Corporate Restructuring in Hard Times: Institutions and Interests in the Implementation of Employee Downsizing Measures in Germany (2008-2013)

Friday, 3 July 2015: 4:00 PM-5:30 PM
TW2.1.03 (Tower Two)
Michel Goyer, University of Birmingham, Birmingham, United Kingdom
Shabneez Bhankaraully, University of Birmingham, Birmingham, United Kingdom
Ian Clark, university of Leicester, Leicester, United Kingdom
In this paper, we highlight how the interplay between institutions and the diversity of preferences of different categories of firm stakeholders provides important insights to capture the process under which employee downsizing measures are introduced in large German companies. Germany, the archetypical coordinated market economy, is highly interesting given important new developments. First, the liberalization of atypical employment since the mid-2000s has created a dual labour market: open ended jobs characterized by a high degree of employment protection are cohabitating with more flexible atypical forms of employment (fixed-term contracts and part-time jobs). Second, the corporate structure of several large German companies has experienced an important transformation, namely the decline of concentrated ownership and the rise in prominence of shareholder value oriented institutional investors based in the United Kingdom and the United States. Third, the formation of corporate elites at several blue-chip German companies has also been at the centre of important developments, namely the rise in importance of business/law/management degrees as the core of the educational background of CEOs and other powerful corporate executives; and the increasing use of outside appointments for top positions as opposed to internal recruiting. What is the impact of these changes on the introduction of employee downsizing measures in Germany?
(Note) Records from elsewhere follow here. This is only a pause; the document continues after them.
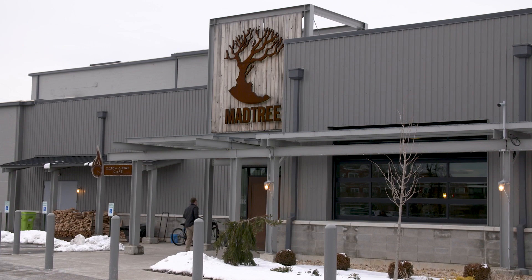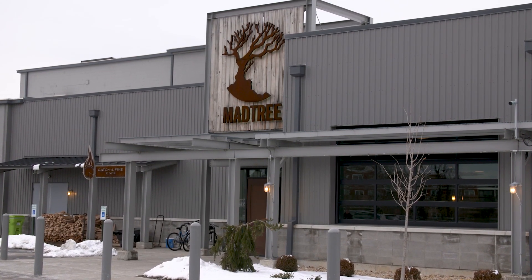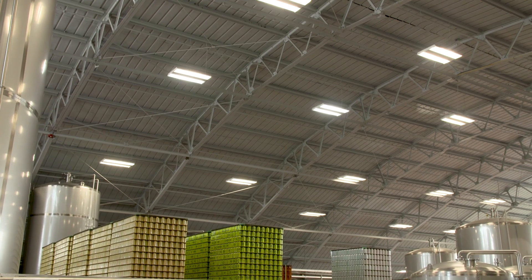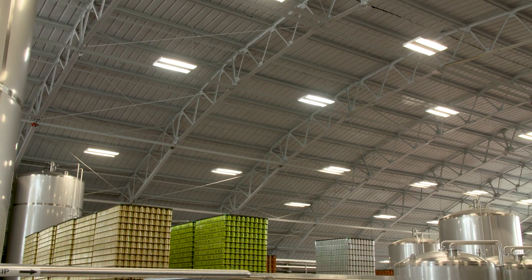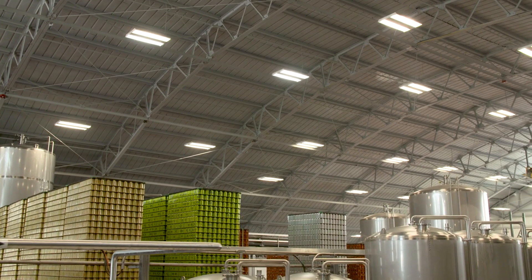My name is Ryan Blevins. I'm the head brewer here at Madtree Brewing Company. We're a craft brewery based out of Cincinnati, Ohio. We opened in early 2013 and we've had rapid growth since then. We love this new facility. The brewery itself is housed in an old airplane hangar — it's really unique, gives it a lot of character, and just a really fun place to come to work.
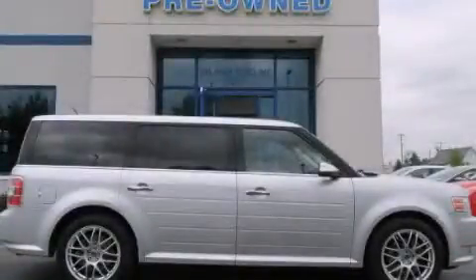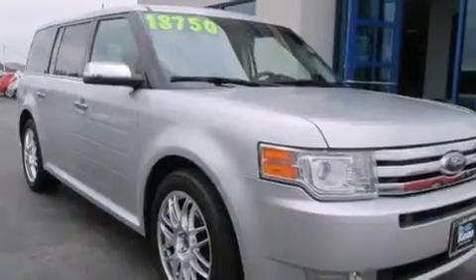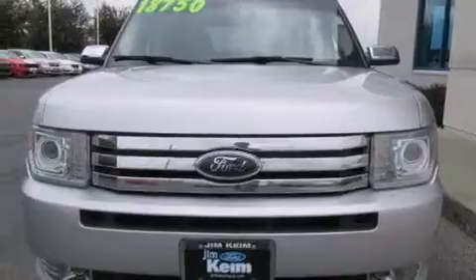This is a 2010 Ford Flex — enough space for everything in life. This crossover has an automatic transmission and a six-cylinder engine.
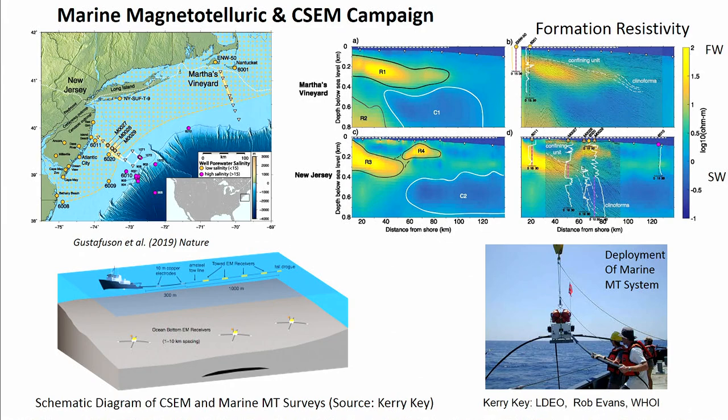Two sites they looked at — Martha's Vineyard and New Jersey — they deployed both marine magnetotelluric systems on the seafloor, and then they had a controlled source electromagnetic system that was towed behind a boat, and they did joint inversions. It's amazing — I think this is really transformative — that we'll be able to map offshore freshwater.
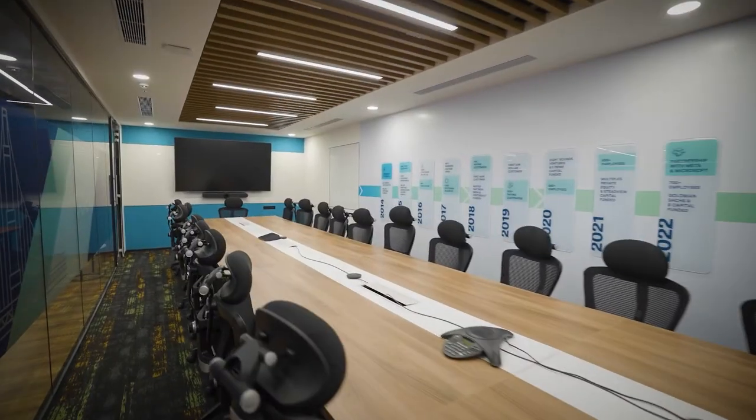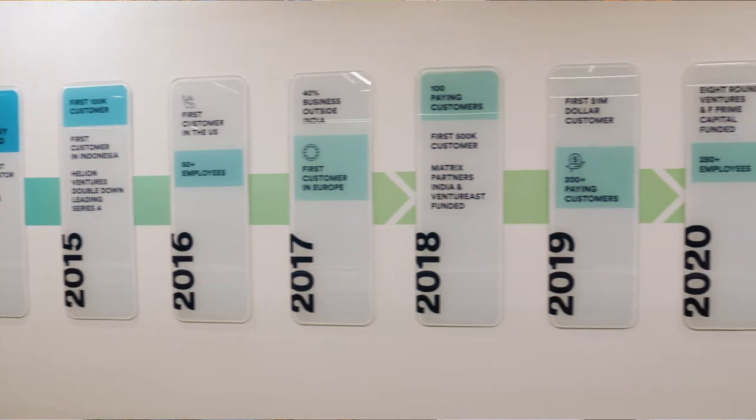For me, the Timeline Wall is a real manifestation of MoEngage's journey. And it's something that we all should feel very proud about.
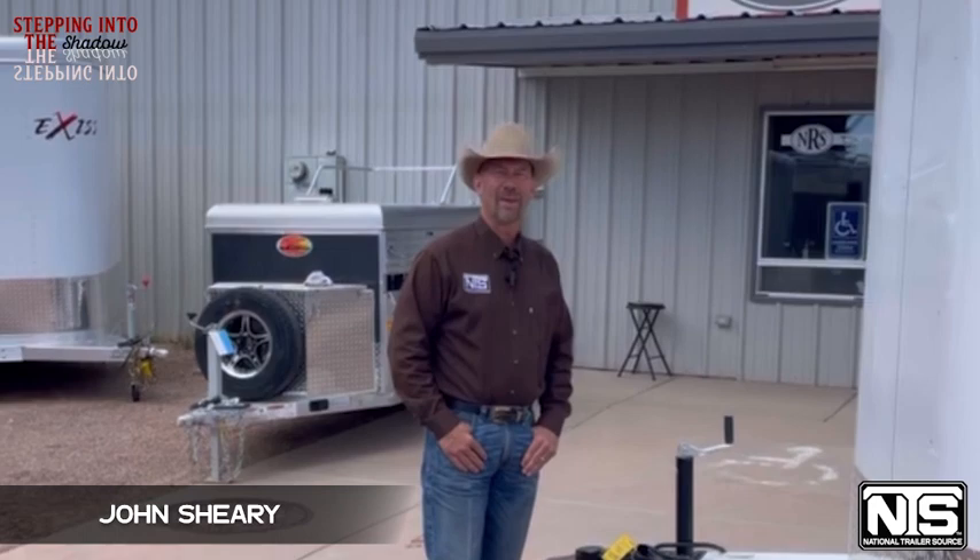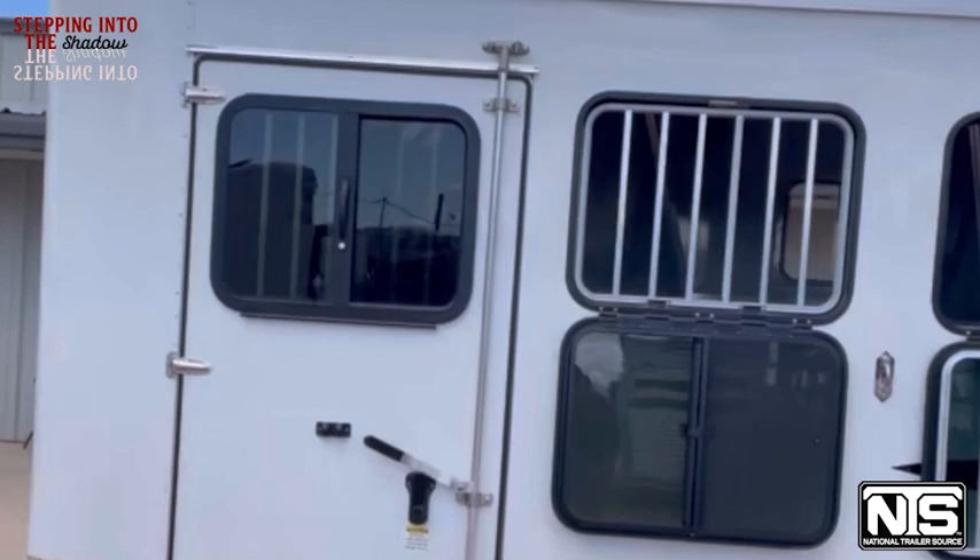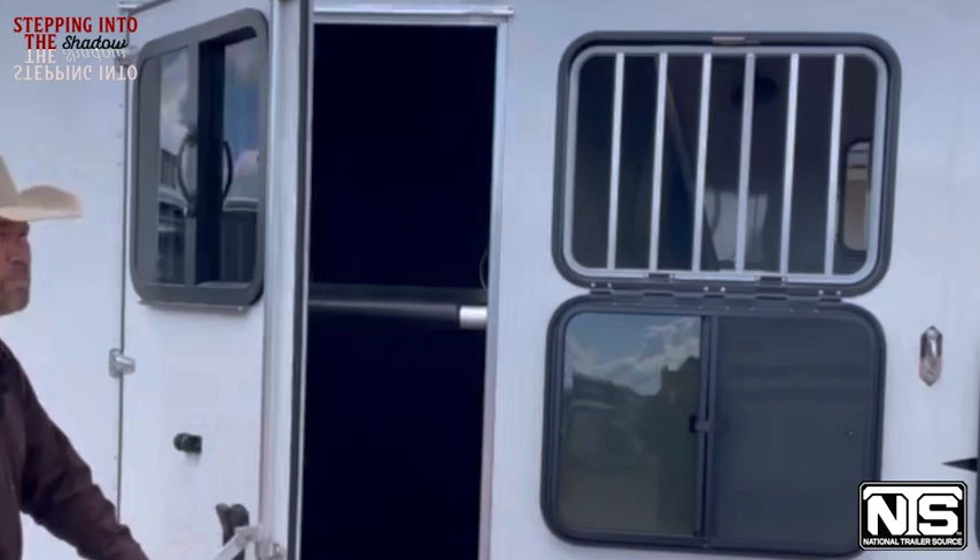Welcome to National Trailer Source here in Wickenburg, Arizona. I'm John Sherry and I'm going to walk you through this very nice 2023 three horse bumper pull trailer. It has a lot of accessories that you don't see on your everyday trailer. As you can see, this trailer has the escape door in the front stall here.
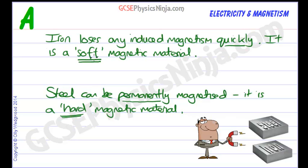So iron is a soft magnetic material and we would say that it forms a temporary magnet. That's the difference between iron and steel.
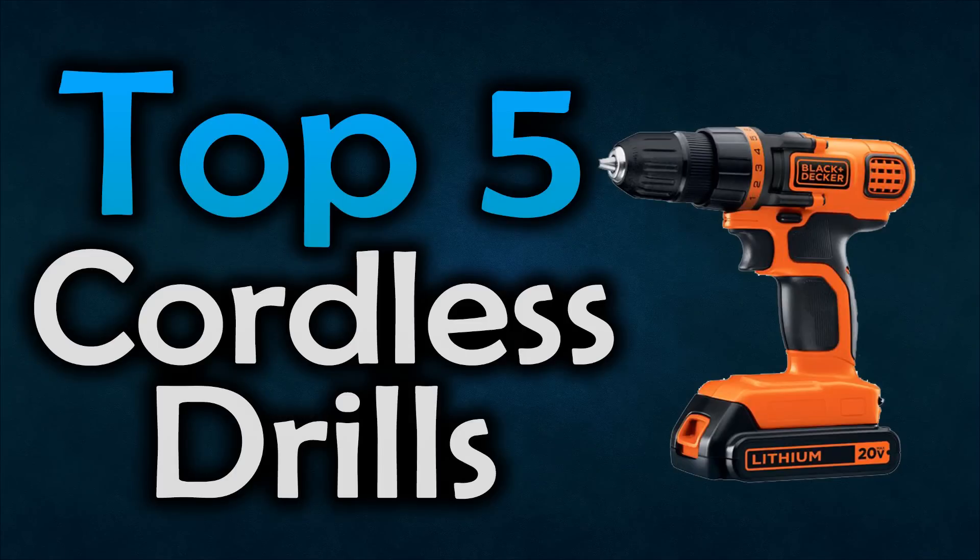Hello everyone, welcome to our new video where today we are going to be checking out the top 5 best cordless drills. I made this list based on my personal opinion and I've tried to list them based on their price, functionality, durability and many more things. You can find links to all these cordless drills down in the description below.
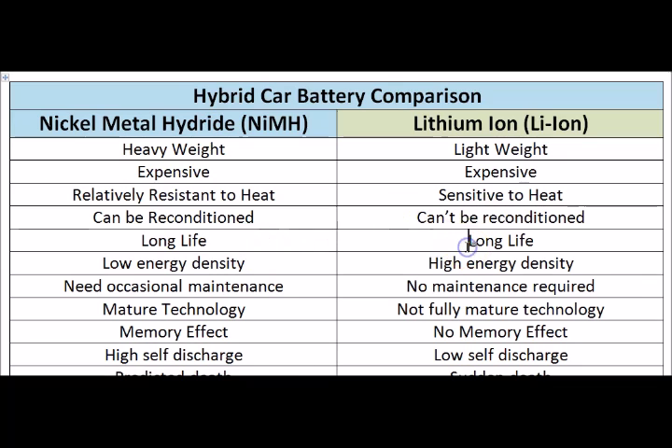Both batteries have similar life cycles — they're almost the same. The Nickel Metal Hydride has less energy density, while the Lithium Ion battery has a higher energy density compared to its weight. So the Lithium Ion is better in this regard and can actually produce more current than the Nickel Metal Hydride.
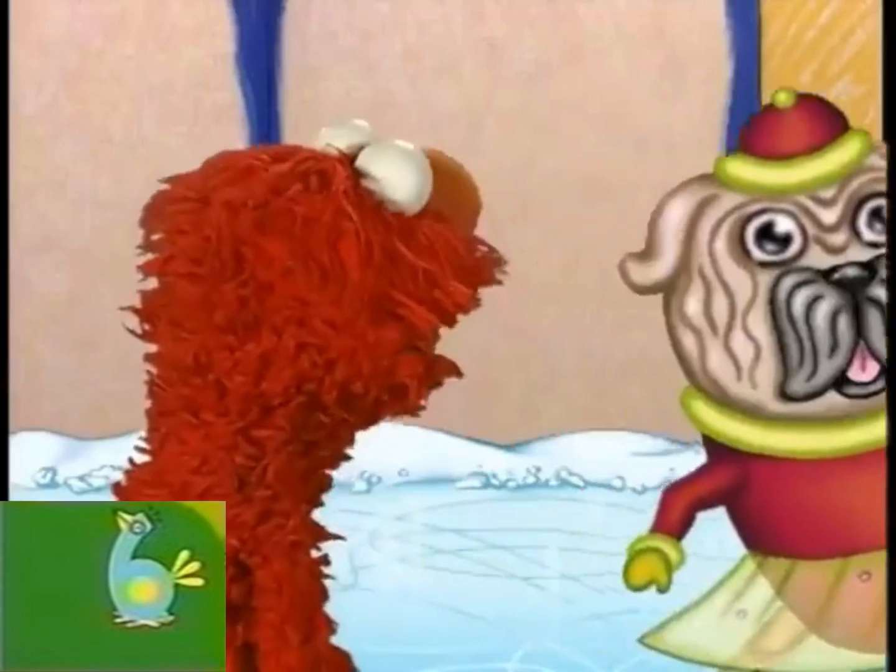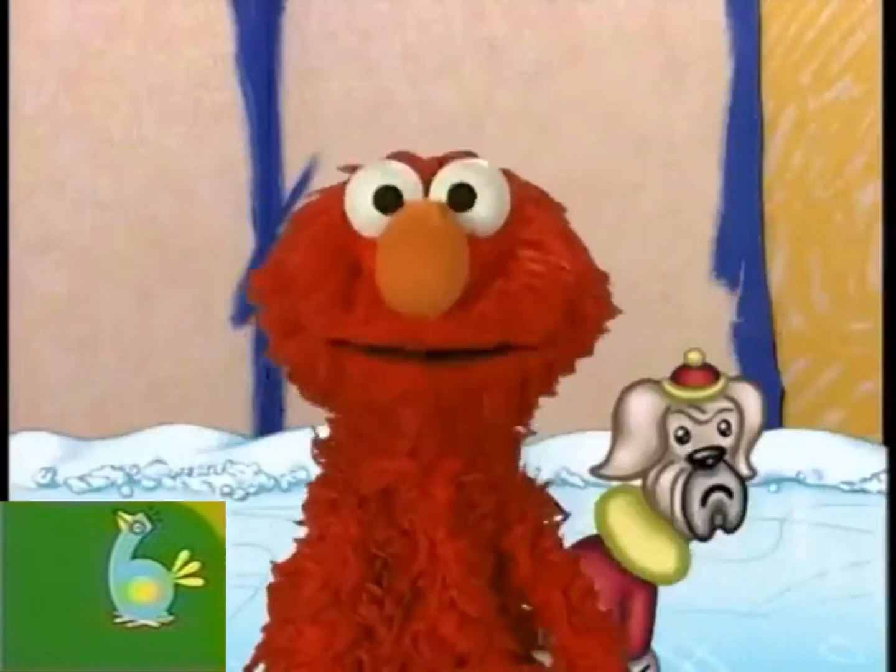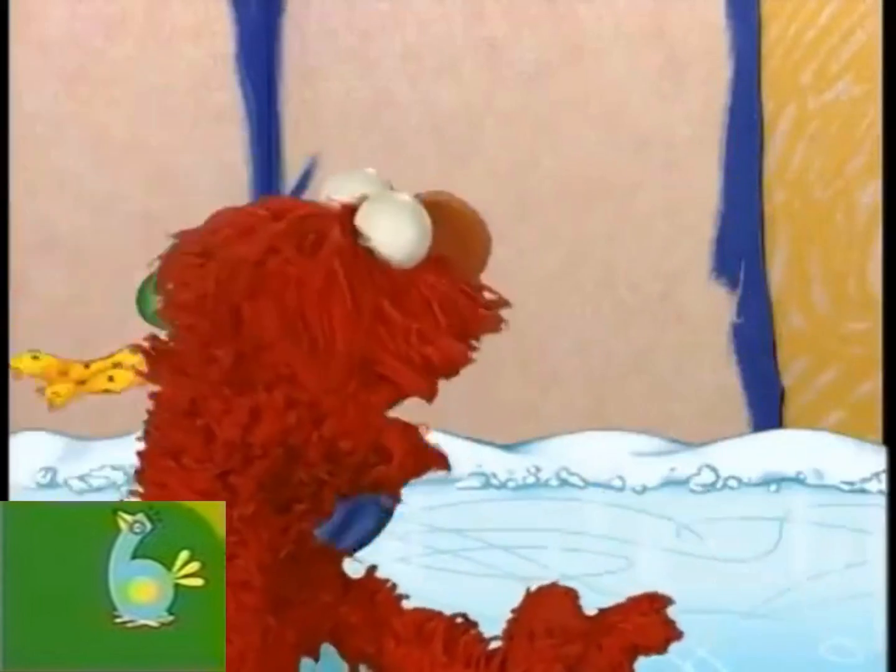Three. Hello! That's three. Three ice skating dogs. Four. There's four. Four ice skating dogs.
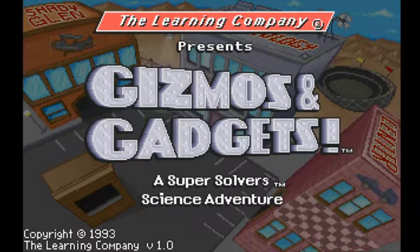Super Solvers Gizmos and Gadgets by The Learning Company is the fifth game in the Super Solvers franchise. Gizmos and Gadgets follows the Super Solvers to Shady Glen Technology Center, which has been taken over by the master of mischief, Morty Maxwell.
Our empirical evidence strongly suggest the centrality of complexity in the form of the interaction between institutions and preferences to understand the undertaking of employee downsizing measures. Our conceptualization shed doubts on attempts in previous studies (qualitative and quantitative alike) that seek to identify the direct effects of hypothesized independent variables as stand-alone explanations. We illustrate how the impact of the above developments is contingent upon the presence of several supporting factors, most notaby. but not exclusively, ownership diffusion and short-term oriented institutional investors.